Por Evelyn Erlij Enero 13, 2017

En ruso lo llaman Leninopad; en español, “la caída de Lenin”. La práctica consiste en echar abajo estatuas del padre de la Revolución de Octubre y denostar el pasado comunista. En los ex países satélites soviéticos, en particular en Ucrania, derribar es casi un deporte. Incluso existen páginas web dedicadas a fotos de figuras de Lenin destruidas. En Rusia, donde existen aún unas 7 mil efigies del líder revolucionario, también se han producido actos vandálicos. Sin embargo, no es habitual este sacrilegio al hombre que, durante 70 años, fue objeto de culto. Esa especie de ícono religioso se ha convertido en una figura incómoda en la Rusia de Putin. La mejor prueba es que no hay indicios de que se vaya a conmemorar el centenario de la revolución.

Si para los ucranianos la desovietización de las ciudades es vista como un gesto antirruso. La calle Lenin en el pueblo Kalyny se llama hoy John Lennon y una estatua del líder comunista en Odesa es ahora Darth Vader. Para los rusos, sin embargo, las huellas del pasado siguen teniendo una interpretación ambigua y compleja. Sobre todo en tiempos de Vladimir Putin, el presidente que ha construido su autoridad en base a los conceptos de orden y unidad nacional. Él sabe que festejar la revuelta popular más célebre del mundo puede ser un mensaje peligroso para la disidencia.

El tema ha llenado páginas en medios de Francia y Reino Unido, pero cuando en Occidente se editan libros y organizan coloquios sobre la revolución, en Rusia el Kremlin está en silencio. Se planean conferencias de historiadores oficialistas, pero no habrá desfiles, fuegos artificiales, ni ceremonias. Tampoco existe una narrativa oficial sobre cómo recordar el hito. El diario The Guardian resume el conflicto de los rusos anotando que, mientras los últimos zares fueron transformados en santos por la Iglesia Ortodoxa, en Moscú existe una estación del metro con el nombre de Pyotr Voikov, el hombre que organizó la ejecución de Nicolás II y de la familia imperial.

Otra manera de entender las paradojas históricas de Rusia es mirar las estadísticas: de acuerdo a una encuesta de radio Eco de Moscú, un 53% de los rusos no apoya la rebelión de febrero que gatilló el proceso revolucionario. No obstante, otro análisis del centro de estudios sociológicos Levada dice que un 53% de la población tiene una visión positiva de Lenin.
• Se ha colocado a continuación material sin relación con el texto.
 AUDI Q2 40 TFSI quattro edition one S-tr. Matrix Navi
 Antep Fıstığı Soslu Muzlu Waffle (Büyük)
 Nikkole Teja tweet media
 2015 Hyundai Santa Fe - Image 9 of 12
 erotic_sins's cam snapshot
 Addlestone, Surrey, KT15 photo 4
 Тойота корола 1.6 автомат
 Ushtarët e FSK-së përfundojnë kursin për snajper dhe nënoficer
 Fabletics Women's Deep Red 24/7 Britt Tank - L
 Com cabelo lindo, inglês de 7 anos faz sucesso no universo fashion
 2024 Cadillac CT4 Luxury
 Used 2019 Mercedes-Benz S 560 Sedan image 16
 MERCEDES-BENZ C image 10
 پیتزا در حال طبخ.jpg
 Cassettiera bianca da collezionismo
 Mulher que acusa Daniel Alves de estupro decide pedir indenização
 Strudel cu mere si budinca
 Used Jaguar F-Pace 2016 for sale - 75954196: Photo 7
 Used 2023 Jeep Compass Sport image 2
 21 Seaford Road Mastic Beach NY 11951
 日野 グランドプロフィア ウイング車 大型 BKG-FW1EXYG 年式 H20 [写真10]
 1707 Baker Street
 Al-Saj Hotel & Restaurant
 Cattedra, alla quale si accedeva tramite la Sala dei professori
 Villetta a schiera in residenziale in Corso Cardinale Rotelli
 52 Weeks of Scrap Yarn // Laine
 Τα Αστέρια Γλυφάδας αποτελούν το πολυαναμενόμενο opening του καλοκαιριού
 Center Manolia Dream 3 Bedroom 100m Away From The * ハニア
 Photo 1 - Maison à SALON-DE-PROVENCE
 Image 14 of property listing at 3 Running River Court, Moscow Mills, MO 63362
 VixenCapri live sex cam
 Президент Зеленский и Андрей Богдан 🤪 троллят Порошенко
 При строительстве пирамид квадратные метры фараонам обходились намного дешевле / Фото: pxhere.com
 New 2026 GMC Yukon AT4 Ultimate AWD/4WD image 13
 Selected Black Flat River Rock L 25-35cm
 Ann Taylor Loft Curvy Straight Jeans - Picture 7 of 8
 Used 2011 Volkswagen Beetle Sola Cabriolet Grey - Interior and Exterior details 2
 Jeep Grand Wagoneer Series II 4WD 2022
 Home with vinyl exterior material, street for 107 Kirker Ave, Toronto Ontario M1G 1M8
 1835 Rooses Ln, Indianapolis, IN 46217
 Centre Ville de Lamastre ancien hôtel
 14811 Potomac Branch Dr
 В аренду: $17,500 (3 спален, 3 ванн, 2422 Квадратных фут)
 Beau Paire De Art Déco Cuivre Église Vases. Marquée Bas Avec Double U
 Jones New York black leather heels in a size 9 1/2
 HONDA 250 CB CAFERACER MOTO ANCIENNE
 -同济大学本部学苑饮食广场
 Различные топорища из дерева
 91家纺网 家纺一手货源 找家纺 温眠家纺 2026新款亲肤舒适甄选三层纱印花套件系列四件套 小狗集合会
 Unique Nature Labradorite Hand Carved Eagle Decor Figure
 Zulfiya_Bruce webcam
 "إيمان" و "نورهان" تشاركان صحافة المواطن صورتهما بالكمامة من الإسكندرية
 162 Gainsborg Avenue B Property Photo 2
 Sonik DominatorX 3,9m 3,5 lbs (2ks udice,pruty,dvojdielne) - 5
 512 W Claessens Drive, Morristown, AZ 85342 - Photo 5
En enero de 2016, el presidente ruso no tuvo reparos en decir que Lenin puso una “bomba de tiempo” en las bases del Estado. La reinterpretación del pasado ha sido uno de los sellos de su administración. Recuperó el himno nacional soviético y, hace poco, anunció la creación de una “Fundación para la Historia de la Patria”, con el fin de “popularizar y salvaguardar” la herencia del pasado.

“Mientras las manifestaciones se inclinen hacia la museificación, no hay problema. Lo que Putin quiere evitar es un movimiento popular”, explica en Le Nouvel Observateur Alexandre Sumpf, experto en Rusia.
“2017 marcará los cien años de las revoluciones de Febrero y Octubre. Recordemos que somos un pueblo único, unido, y que tenemos una sola Rusia”, dijo en diciembre el líder del gobierno. Esto fue meses después de acusar a Lenin de labrar el fin de la URSS al promover la igualdad de las repúblicas que la integraban. Mientras Putin vela por la cohesión nacional desde el Kremlin, a pocos pasos de ahí, en la Plaza Roja, el cuerpo embalsamado de Lenin sigue recordando el pasado. ¿Conmemorar u olvidar? En octubre se verá si Putin recordará o jugará, simbólicamente, al Leninopad.